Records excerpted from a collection
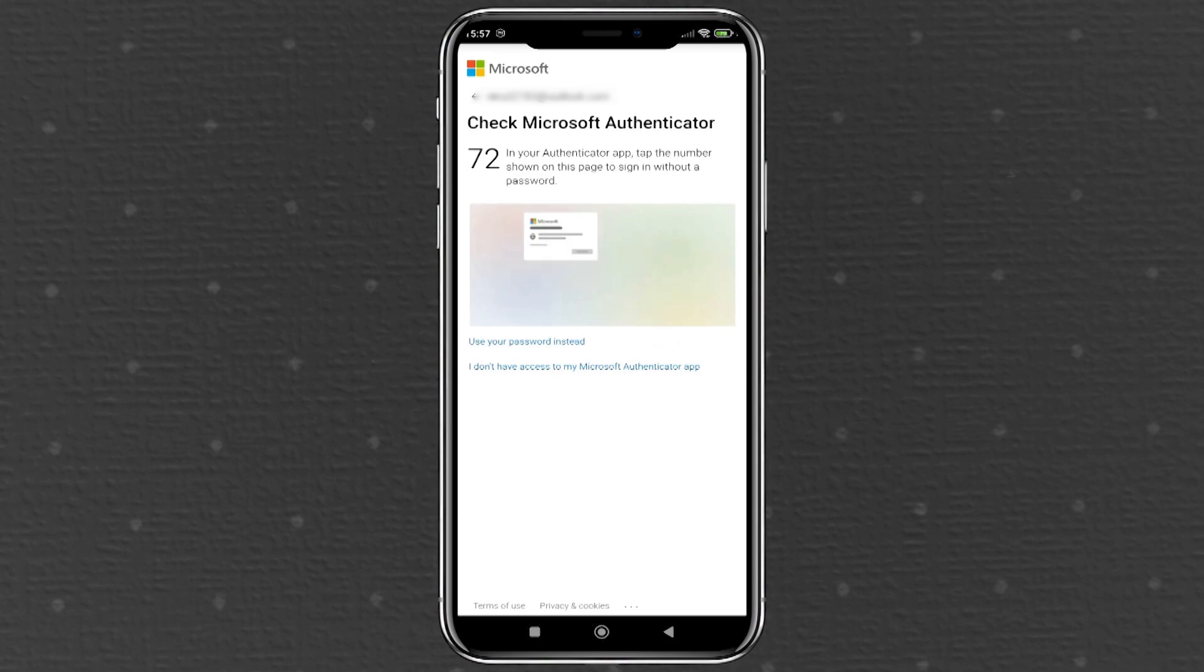This step is crucial because Microsoft needs to confirm your identity before granting access to your account. Now, typically, Microsoft would ask you to check the Microsoft Authenticator app on your old phone for a verification code, but since you no longer have access to your old device, we'll need to use alternative methods to verify your identity.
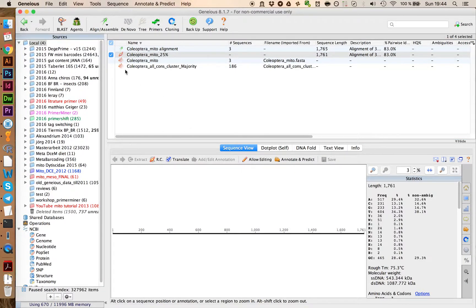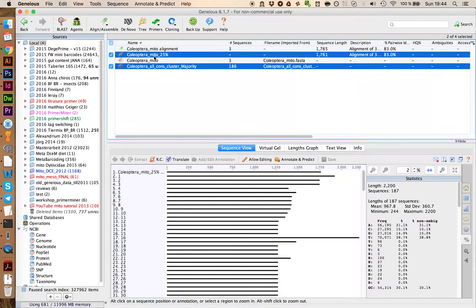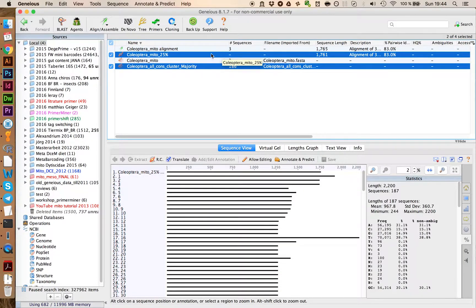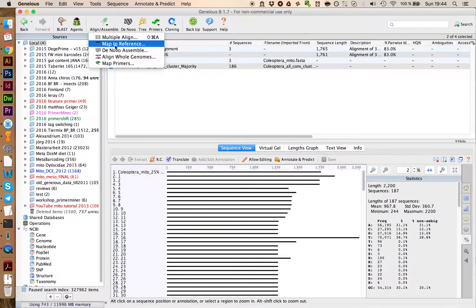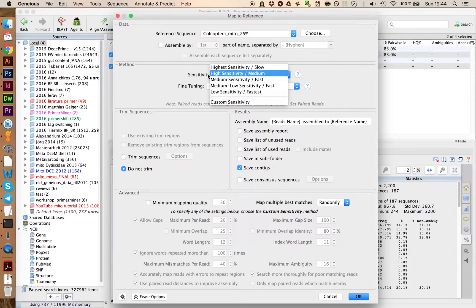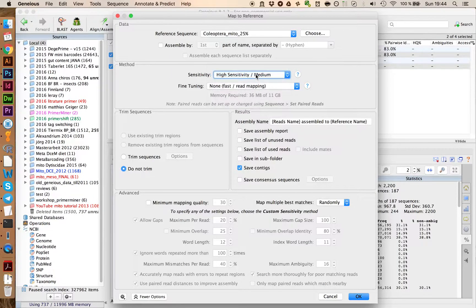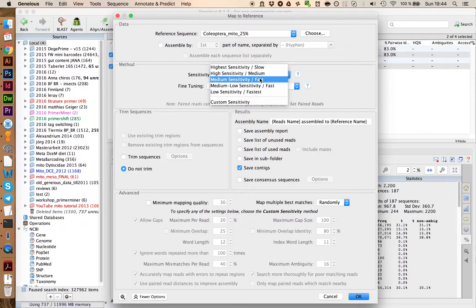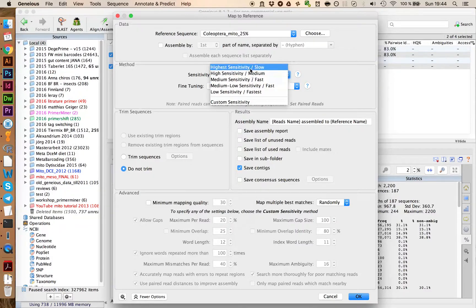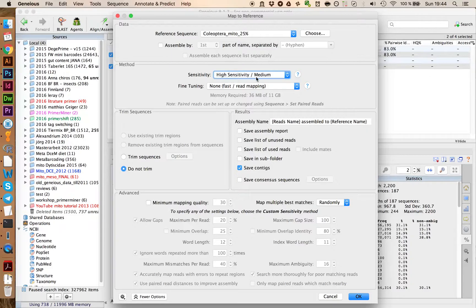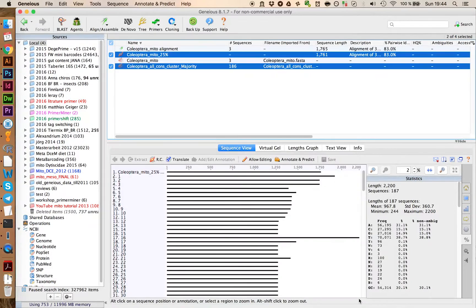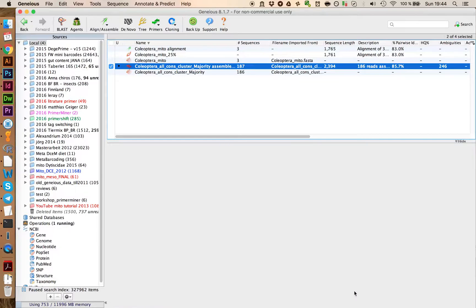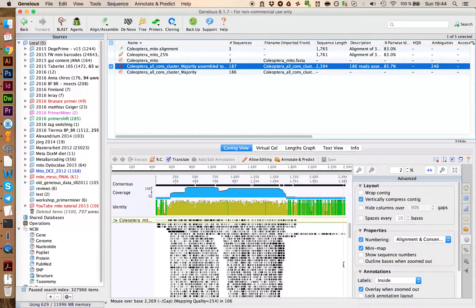We can next go ahead and map our reads against this consensus sequence here. We do this by going to Map to Reference, and then here you want to select High Sensitivity Medium. For very large datasets, you could even go on Medium Sensitivity. If you go on High Sensitivity, it takes way too long. So usually this is fine. We can click on OK, and we will map the reads to the reference sequence.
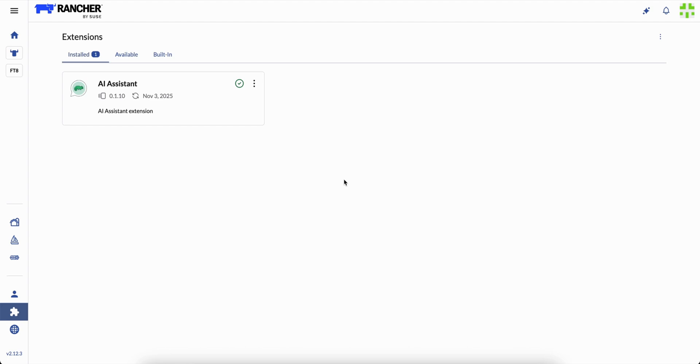Today I want to show you something new. Something that changes the way we work with our clusters. Meet Liz, the AI assistant built right into Rancher.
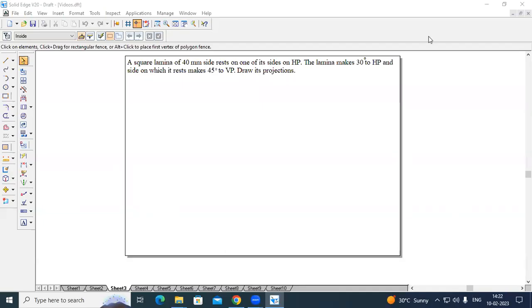Hello all, I am Arjun, Assistant Professor, Department of Mechanical Engineering. Today in this session, I am going to solve a problem on computer-aided engineering drawing.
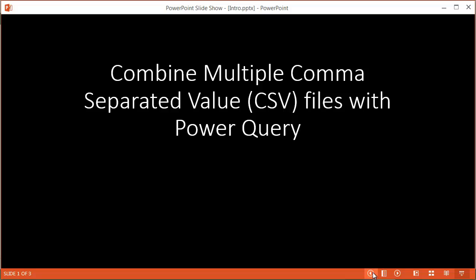In this video, I'm going to show you how to combine multiple CSV files with Power Query. CSV files are comma-separated value files — they're usually text files where the first row contains the field headers, and any subsequent rows are the values separated by commas. Let me go through an overview of what we're trying to do and give some considerations for why we want to use Power Query.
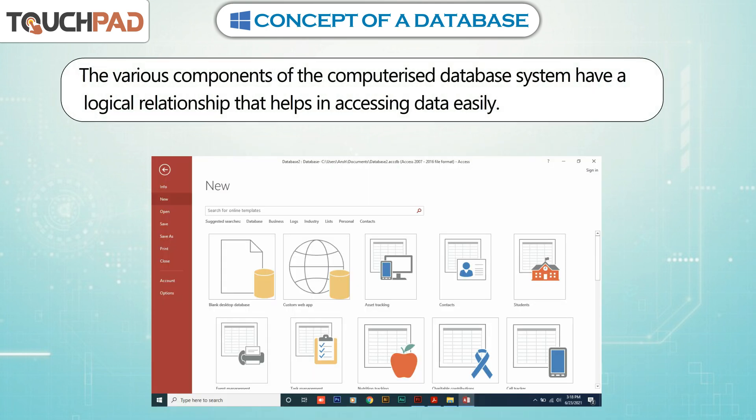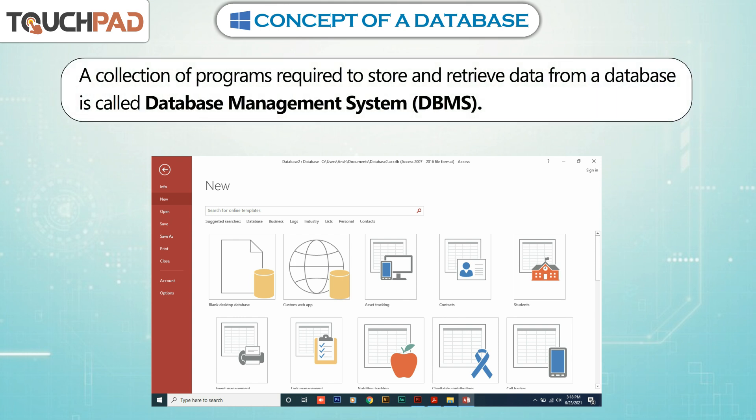The various components of the computerized database system have a logical relationship that helps in accessing data easily. A collection of programs required to store and retrieve data from a database is called Database Management System.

• Work to be completed: Each entry above should be returned exactly as written, minus its pictures.

• Response to this task:
This step is crucial because Microsoft needs to confirm your identity before granting access to your account. Now, typically, Microsoft would ask you to check the Microsoft Authenticator app on your old phone for a verification code, but since you no longer have access to your old device, we'll need to use alternative methods to verify your identity.
We can next go ahead and map our reads against this consensus sequence here. We do this by going to Map to Reference, and then here you want to select High Sensitivity Medium. For very large datasets, you could even go on Medium Sensitivity. If you go on High Sensitivity, it takes way too long. So usually this is fine. We can click on OK, and we will map the reads to the reference sequence.
Today I want to show you something new. Something that changes the way we work with our clusters. Meet Liz, the AI assistant built right into Rancher.
Hello all, I am Arjun, Assistant Professor, Department of Mechanical Engineering. Today in this session, I am going to solve a problem on computer-aided engineering drawing.
In this video, I'm going to show you how to combine multiple CSV files with Power Query. CSV files are comma-separated value files — they're usually text files where the first row contains the field headers, and any subsequent rows are the values separated by commas. Let me go through an overview of what we're trying to do and give some considerations for why we want to use Power Query.
The various components of the computerized database system have a logical relationship that helps in accessing data easily. A collection of programs required to store and retrieve data from a database is called Database Management System.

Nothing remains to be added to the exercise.